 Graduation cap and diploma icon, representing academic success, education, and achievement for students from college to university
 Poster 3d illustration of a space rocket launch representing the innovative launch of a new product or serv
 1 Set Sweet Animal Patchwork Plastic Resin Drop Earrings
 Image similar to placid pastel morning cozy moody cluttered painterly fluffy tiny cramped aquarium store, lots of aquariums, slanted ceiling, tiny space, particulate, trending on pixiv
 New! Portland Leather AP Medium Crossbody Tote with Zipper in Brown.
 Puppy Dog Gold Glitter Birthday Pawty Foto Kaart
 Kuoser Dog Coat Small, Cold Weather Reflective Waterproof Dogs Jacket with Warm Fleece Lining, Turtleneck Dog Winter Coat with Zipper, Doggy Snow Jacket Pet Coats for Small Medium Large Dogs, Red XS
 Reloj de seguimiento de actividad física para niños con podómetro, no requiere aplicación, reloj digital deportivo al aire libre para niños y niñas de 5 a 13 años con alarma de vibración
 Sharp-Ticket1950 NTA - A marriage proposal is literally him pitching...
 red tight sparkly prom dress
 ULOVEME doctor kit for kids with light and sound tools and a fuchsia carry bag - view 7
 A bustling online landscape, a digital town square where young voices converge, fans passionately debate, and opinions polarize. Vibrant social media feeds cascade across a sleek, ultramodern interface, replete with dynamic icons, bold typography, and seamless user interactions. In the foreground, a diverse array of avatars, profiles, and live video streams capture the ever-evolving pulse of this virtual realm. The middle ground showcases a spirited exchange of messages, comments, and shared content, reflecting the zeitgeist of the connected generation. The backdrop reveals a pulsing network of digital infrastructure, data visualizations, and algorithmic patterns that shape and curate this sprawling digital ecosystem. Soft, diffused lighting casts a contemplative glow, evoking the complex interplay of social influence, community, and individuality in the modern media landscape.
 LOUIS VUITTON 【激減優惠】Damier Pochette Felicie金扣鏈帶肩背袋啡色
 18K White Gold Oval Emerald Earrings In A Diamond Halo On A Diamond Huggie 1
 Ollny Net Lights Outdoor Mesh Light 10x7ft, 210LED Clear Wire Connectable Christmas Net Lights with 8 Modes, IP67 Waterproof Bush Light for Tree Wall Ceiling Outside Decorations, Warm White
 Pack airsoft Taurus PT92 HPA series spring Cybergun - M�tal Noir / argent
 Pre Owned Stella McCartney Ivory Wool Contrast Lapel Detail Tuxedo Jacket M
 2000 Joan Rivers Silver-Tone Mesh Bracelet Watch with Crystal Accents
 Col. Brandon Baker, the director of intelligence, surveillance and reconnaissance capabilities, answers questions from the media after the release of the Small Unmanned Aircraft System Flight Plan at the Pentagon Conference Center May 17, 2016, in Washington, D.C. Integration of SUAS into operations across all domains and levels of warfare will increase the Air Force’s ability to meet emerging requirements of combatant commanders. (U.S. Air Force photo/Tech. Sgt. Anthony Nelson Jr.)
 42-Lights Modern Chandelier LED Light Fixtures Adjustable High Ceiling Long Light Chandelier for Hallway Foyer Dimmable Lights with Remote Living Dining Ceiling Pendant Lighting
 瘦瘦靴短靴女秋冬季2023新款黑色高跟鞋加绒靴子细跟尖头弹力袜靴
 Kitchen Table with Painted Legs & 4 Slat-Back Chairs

####

* [Directions for this task]
Copy out, word for word, the part of the entries above that begins at the line with "Kuoser Dog Coat" and ends at the line with "red tight sparkly prom dress", including both.

* [Completed task]
 Kuoser Dog Coat Small, Cold Weather Reflective Waterproof Dogs Jacket with Warm Fleece Lining, Turtleneck Dog Winter Coat with Zipper, Doggy Snow Jacket Pet Coats for Small Medium Large Dogs, Red XS
 Reloj de seguimiento de actividad física para niños con podómetro, no requiere aplicación, reloj digital deportivo al aire libre para niños y niñas de 5 a 13 años con alarma de vibración
 Sharp-Ticket1950 NTA - A marriage proposal is literally him pitching...
 red tight sparkly prom dress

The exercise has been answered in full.